Fluid particles are subject only to pressure and their own weight. If a fluid is flowing horizontally and along a section of a streamline, where the speed increases it can only be because the fluid on that section has moved from a region of higher pressure to a region of lower pressure; and if its speed decreases, it can only be because it has moved from a region of lower pressure to a region of higher pressure. Consequently, within a fluid flowing horizontally, the highest speed occurs where the pressure is lowest, and the lowest speed occurs where the pressure is highest.

In most flows of liquids, and of gases at low Mach number, the mass density of a fluid parcel can be considered to be constant, regardless of pressure variations in the flow. For this reason the fluid in such flows can be considered to be incompressible and these flows can be described as incompressible flow.

Bernoulli performed his experiments on liquids and his equation in its original form is valid only for incompressible flow.
The original form of Bernoulli's equation is:

(vxv/2)+(gxh)+(P/d)=constant

where:
v is the fluid velocity at a point on a streamline
g is the acceleration due to gravity
h is the height of the point above a reference plane
P is the pressure at the point
d is the density of the fluid at all points in the fluid

The following assumptions must be met for the equation to apply:
• The fluid must be incompressible - even though pressure varies, the density must remain constant.
• The streamline must not enter the boundary layer. (Bernoulli's equation is not applicable where there are viscous forces, such as in the boundary layer.)

victorzamora

Actually, the blades are pushing the air downwards regardless of the plate at the bottom of the chopper. The plate is pushing the air in a different direction (as you say, at 90*)...so the force of the air going down is acting upwards upon the helicopter's blades. The plate, stopping the vertical flow of the air and forcing it in a direction perpendicular to original flow of the air, is acting DOWNWARDS upon the plate, which is attached to the helicopter. Since it's blowing the air outwards, in a circle, the lateral forces cancel out. So, if the air is being blown horizontally....then all of the energy created by the blades is immediately canceled out when it hits the plate. Makes sense?

CrateCruncher

My Feedback: (1)

Bingo!

mjfrederick

Again, you say tomato, I say the air flow is a result of the pressure differences created as a result of Bernoulli principles. You make the assumption that the blades are "pushing" the air. Instead, why don't you PROVE the blades are pushing the air. To attempt this would not be a problem. Set some flat-bottomed blades to 0 degrees incidence (angle of attack) and remove collective pitch. Spin up the blades. If there's no air flow below the blades, then you're right, the blades are "pushing" the air down. I promise that won't be the case, though.

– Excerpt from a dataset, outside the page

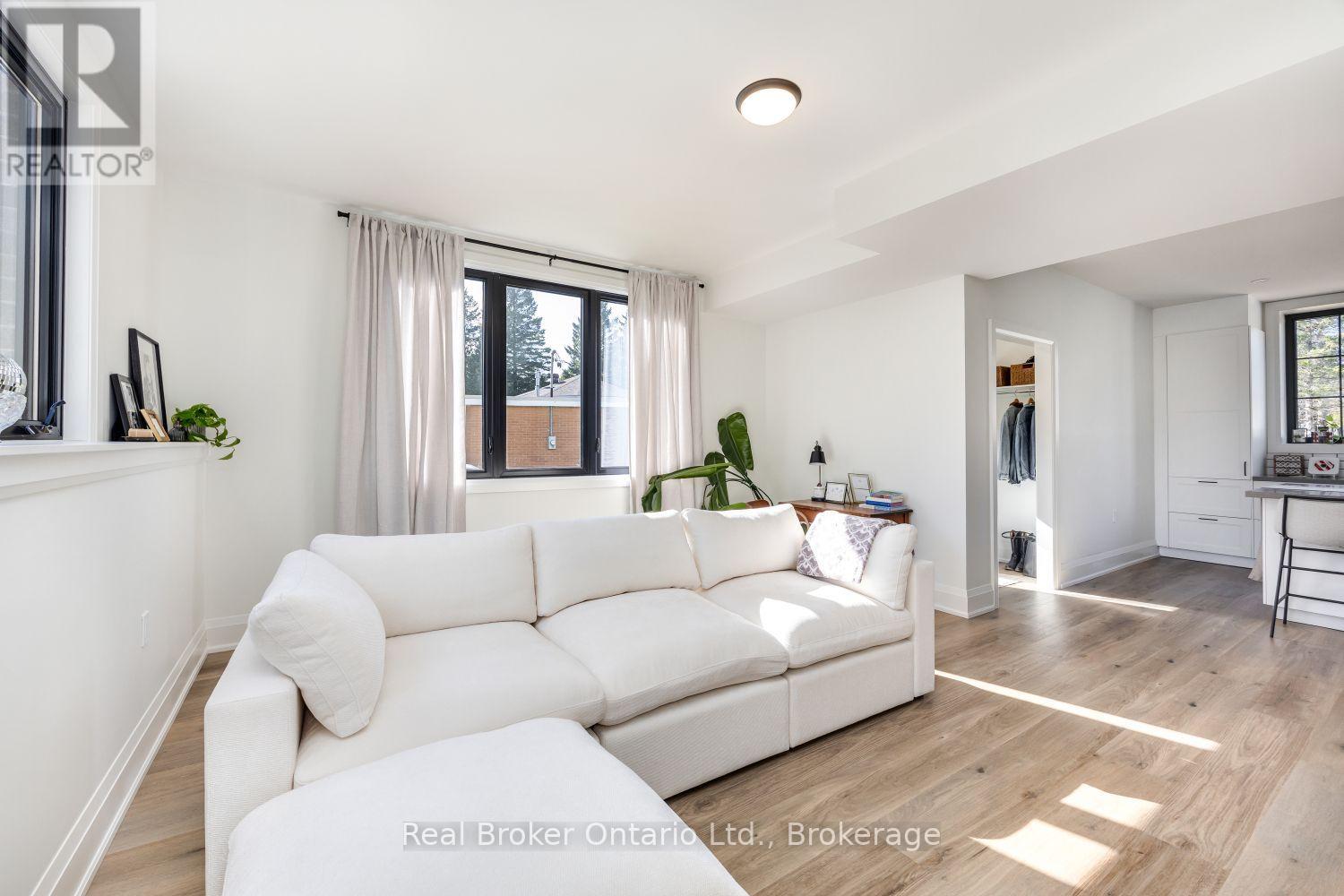 47 BLUMENWEG - Image 35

And I still say the chicken came before the egg... doesn't anyone want to argue that?

Lnewqban

Yes, Victor, it makes perfect sense.

The plate acts like a deflector; only that it doesn't produce a nice distribution of air leaving the assembly at 90 degrees.

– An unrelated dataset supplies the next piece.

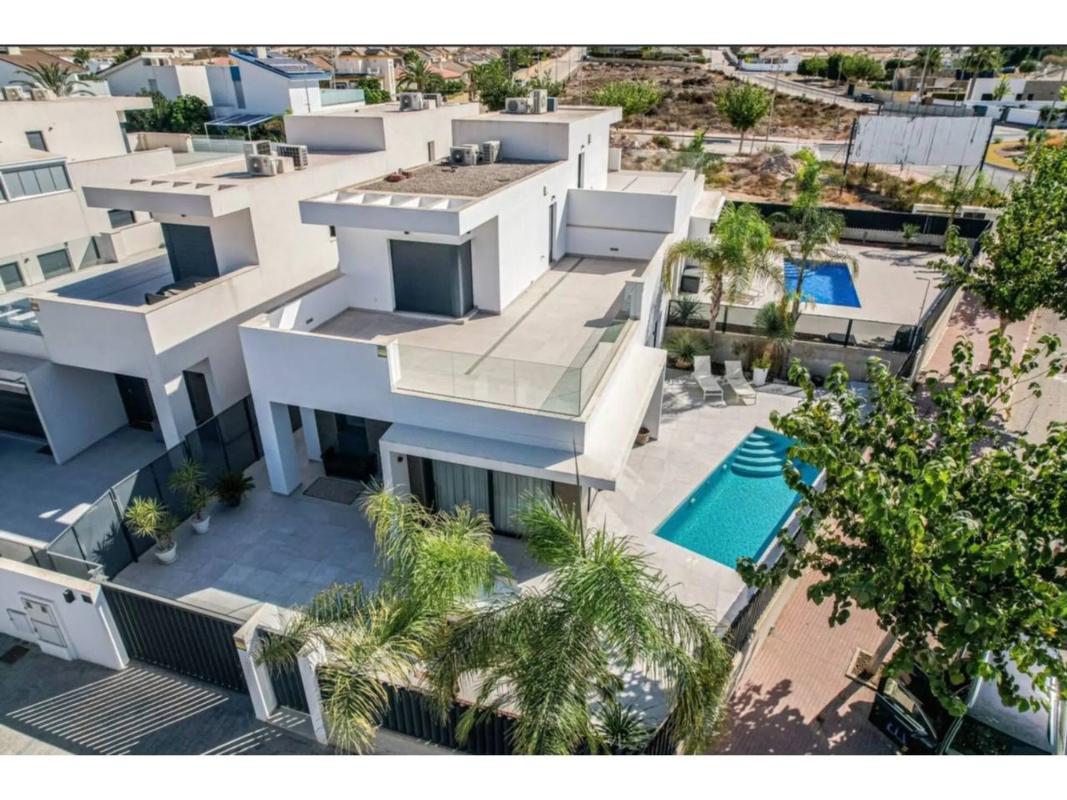 Venta de chalet independiente en Dolores, Dolores
photo 1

Once the mass of air hits the plate, it goes crazy trying to find a way to escape, being pushed by the high pressure and more air coming down; hence, it goes in many micro tornadoes that eat a lot of energy, and eventually it finds its way to the lower (atmospheric) pressure outside the stream of air forced by the rotor.

If you watch the video of the experiment close enough, you will see that one of the attachments is loose, and the gear of the model lifts a little; also the edge of the plate bends downward, allowing some of the mass of air flow downwards, creating some reaction up or lifting force.

This force is smaller than the weight of the assembly, which remains on the pedestal.

Now, if only one half of the plate would have been folded down, what would have happened?
What if the helicopter is located off center the plate?
What if the size of the plate decreases to 2x2?
What if the shape of the plate would have been a cone with the vertex pointing up?

I hope we will discuss created pressure differential instead of Bernoulli principle from now on!!!!!!!!!!!

mjfrederick

Sorry, I had already written my post prior to reading this. I am aware that Bernoulli's Principle does not directly apply, but much of his work in fluid dynamics led to development of the first flat-bottomed airfoils. I still say that it's a pressure differential that results in lift, and the downward flow of air is an "equal" and opposite reaction to that. Equal is in quotes because we all know it is not truly equal.

Tall Paul

.
These discussions are sometimes more amusing to observe than participate in.

victorzamora

lnewqban, I was using a 90* example for two reasons. 1) That's what everyone else was quoting. and 2) So that the cancellation will be 100%. Obviously it's not going to work with 100% efficiency! That's why the chopper looked to get a little lighter on the skids. That's also why, as you pointed out, when one skid became detached it started lifting up.

mjfrederick

I was trying to just watch... couldn't hold back any longer... To tell the truth, I just want the thread to die... Guess posting this doesn't really help in achieving that goal.

Edit: And pass the popcorn!